Slides of lectures: Download slides Intro Lecture

Download slides Morning Lecture

Download slides Afternoon Lecture

Data for exercises:

Download full data for the week

Source of data

We created a (non-existing) class of students for which you have some information. The name of the students, their gender, the age, the height and the weight of those adolescent students are provided.

Before starting the exercises, set the working directory to where you have downloaded and unzipped the data folder with the files for the exercises and load the necessary packages.

Warning

When using setwd(), change the path within quotes to where you have saved the data for the exercises. Make sure to always be in the right folder for the exercises.

# Change the path here:
setwd("/path/to/whereDataFolderIsSaved/")
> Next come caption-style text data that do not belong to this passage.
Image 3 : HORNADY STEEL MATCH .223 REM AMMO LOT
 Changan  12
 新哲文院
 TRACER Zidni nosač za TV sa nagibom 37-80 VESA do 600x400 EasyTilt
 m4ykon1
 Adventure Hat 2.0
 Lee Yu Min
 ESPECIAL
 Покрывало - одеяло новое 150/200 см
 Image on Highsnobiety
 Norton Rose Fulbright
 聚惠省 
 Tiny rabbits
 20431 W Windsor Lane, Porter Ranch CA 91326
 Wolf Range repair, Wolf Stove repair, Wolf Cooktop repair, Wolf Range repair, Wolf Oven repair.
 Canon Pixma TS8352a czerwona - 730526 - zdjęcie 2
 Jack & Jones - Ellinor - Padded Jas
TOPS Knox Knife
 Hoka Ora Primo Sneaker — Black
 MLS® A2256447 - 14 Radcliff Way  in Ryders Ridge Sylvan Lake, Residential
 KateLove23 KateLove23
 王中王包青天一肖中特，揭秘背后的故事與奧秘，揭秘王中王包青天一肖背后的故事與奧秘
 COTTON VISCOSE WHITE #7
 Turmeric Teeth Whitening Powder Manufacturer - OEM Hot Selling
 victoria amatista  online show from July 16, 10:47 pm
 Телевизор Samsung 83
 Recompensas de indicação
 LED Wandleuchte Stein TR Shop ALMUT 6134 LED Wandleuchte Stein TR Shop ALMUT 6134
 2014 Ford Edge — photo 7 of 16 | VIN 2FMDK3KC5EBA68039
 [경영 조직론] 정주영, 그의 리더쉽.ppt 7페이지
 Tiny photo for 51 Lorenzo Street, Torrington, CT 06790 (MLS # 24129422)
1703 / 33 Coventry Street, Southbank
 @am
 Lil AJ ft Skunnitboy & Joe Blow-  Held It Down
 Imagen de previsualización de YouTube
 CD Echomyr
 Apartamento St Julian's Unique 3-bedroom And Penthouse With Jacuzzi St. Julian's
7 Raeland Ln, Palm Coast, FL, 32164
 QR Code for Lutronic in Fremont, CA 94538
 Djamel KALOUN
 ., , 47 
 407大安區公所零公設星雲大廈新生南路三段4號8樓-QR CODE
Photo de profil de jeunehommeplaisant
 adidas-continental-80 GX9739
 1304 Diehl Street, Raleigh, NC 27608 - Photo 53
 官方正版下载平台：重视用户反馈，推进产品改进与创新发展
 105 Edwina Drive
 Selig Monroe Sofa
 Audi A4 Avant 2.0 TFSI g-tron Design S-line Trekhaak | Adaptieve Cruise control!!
# Load the libraries needed for this exercise
# Here only plotting libraries are needed

library(ggplot2)
library(car)

Simple linear models and simple multiple linear models

The class data set

Import the data into your R session and explore its structure: what are the different columns corresponding to? Is the table in a usable format ?

# Load the class table
class <- read.table("exercises/class.txt")

# Have a look
summary(class[,-1])

Here we see a problem for the Gender, what is it ? Can you correct for it ?

Answer

#Gender is a "character" variable and should be a factor
class$Gender[class$Gender == "F"] <- 0
class$Gender[class$Gender == "M"] <- 1
class$Gender <- as.numeric(class$Gender)

Now we make use of the function pairs (do not know it? look it up with the help!). We then create a simple linear model using Age to describe the height of our students, have a look at the summary of this regression, then plot it.

pairs(class[,-1])

model <- lm(Height ~ Age, data=class)
summary(model)
plot(class$Age, class$Height, xlim=c(0,20), ylim=c(0,200))
abline(model, col="red", lwd=2)
#putting the xlim to 0 we can visually see the intercept

Are there any influencial points ? Do they have something special? What do you do with them ?

hat <- lm.influence(model)
plot(hat$hat)

car::influencePlot(model, xlab="Hat-Values", ylab="Studentized Residuals")

Use the predict function to calculate a confidence interval.

new_age <- seq(11, 16, by=0.25)
plot(class$Age, class$Height,pch=20,col="black")
points(class$Age[c(7,19)],class$Height[c(7,19)],col="green")
conf_interval <- predict.lm(model, newdata=data.frame(Age=new_age), interval="confidence", level = 0.95)
lines(new_age, conf_interval[,2], col="blue", lty=2)
lines(new_age, conf_interval[,3], col="blue", lty=2)

pred_interval <- predict(model, newdata=data.frame(Age=new_age), interval="prediction", level = 0.95)
lines(new_age, pred_interval[,2], col="orange", lty=2)
lines(new_age, pred_interval[,3], col="orange", lty=2)

Now model the Height with the weight, with a combination of age and weight as well as age and gender allowing for a possible interaction.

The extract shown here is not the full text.